The 2004 amendments to the net capital rules meant that investment banks could reduce their chance of crossing important regulatory thresholds by building up their balance sheets with mortgage-backed securities as opposed to other securities that received less favorable regulatory treatment. The amendments contributed to the financial crisis not by permitting too much leverage, but by cajoling the investment banks into adopting the view of risk held by international regulators and subsequently, loading up on mortgage-related securities.
To be sure, the 2004 amendments were not the sole regulatory contribution to Wall Street’s hunger for mortgage risk. A year earlier, the SEC had amended another rule in a way that rewarded broker-dealers for holding mortgage-backed securities.
The original rule was a customer protection rule also adopted in the 1970s. Its purpose was to prevent broker-dealers from putting customer assets at risk by borrowing their securities to trade on the broker’s proprietary account. It set compensation and notice requirements when brokers borrowed customer securities and had a very strict collateralization requirement. Brokers had to collateralize borrowed securities with cash, Treasurys, or irrevocable letters of credit worth 100 percent of the value of the securities.

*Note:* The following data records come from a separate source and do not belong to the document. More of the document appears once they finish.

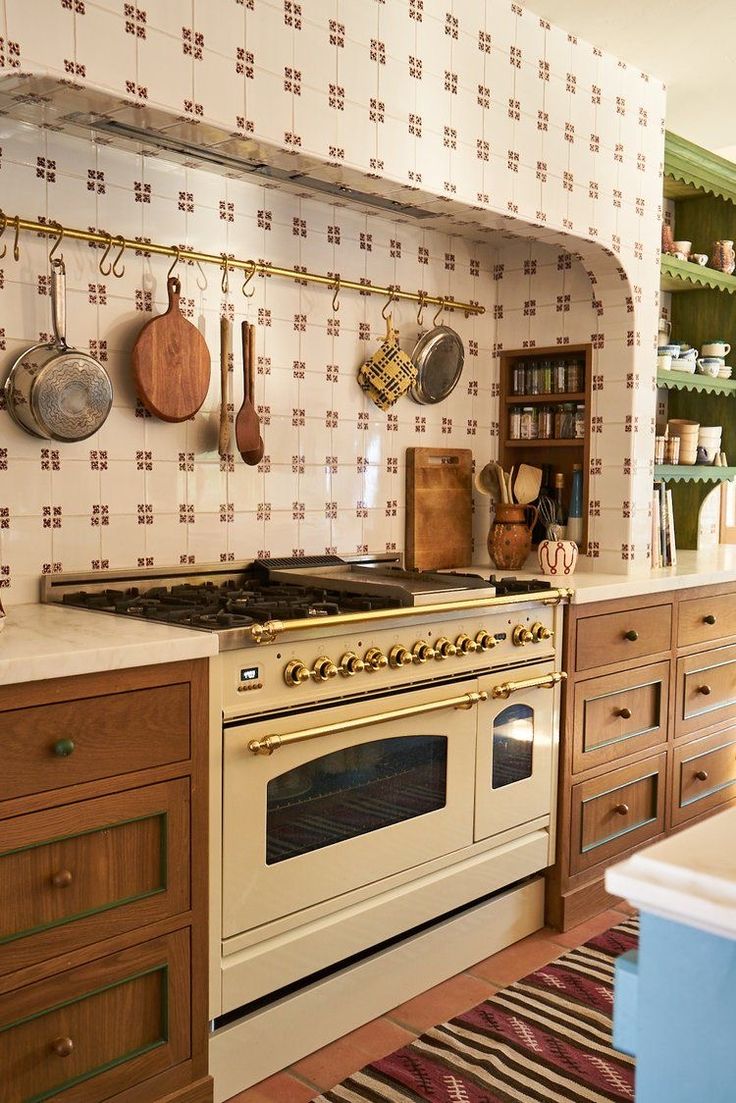 an old fashioned stove in a kitchen with wooden cabinets and hanging utensils on the wall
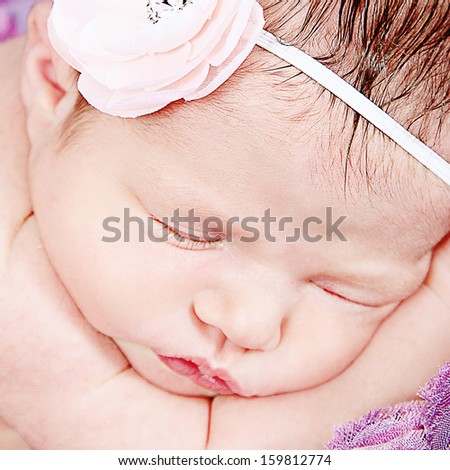 Beautiful Newborn Baby Girl Posing for Camera in Studio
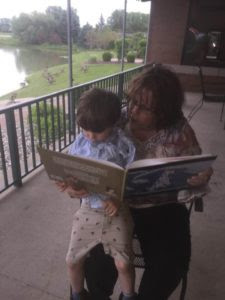 Parents are children's first teachers. The author reading to her grandson.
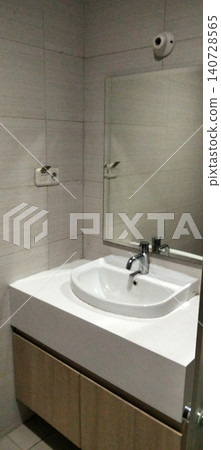A modern bathroom interior featuring a white ceramic sink mounted above a minimalist vanity cabinet with a wall mirror and chrome faucet. A modern bathroom interior featuring a white ceramic sink mounted above a minimalist vanity cabinet with a wall mirror and chrome faucet. 140728565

In 2003, regulators decided to expand the range of collateral brokers could use to collateralize securities borrowings. It added several categories of collateral, including foreign sovereign debt and—ominous music again—highly rated mortgage-backed securities. Thus, following the 2003 amendment, brokers holding a portfolio of mortgage-backed securities could profit not just from the income stream they generated, but from their value as collateral for proprietary trading using customer securities.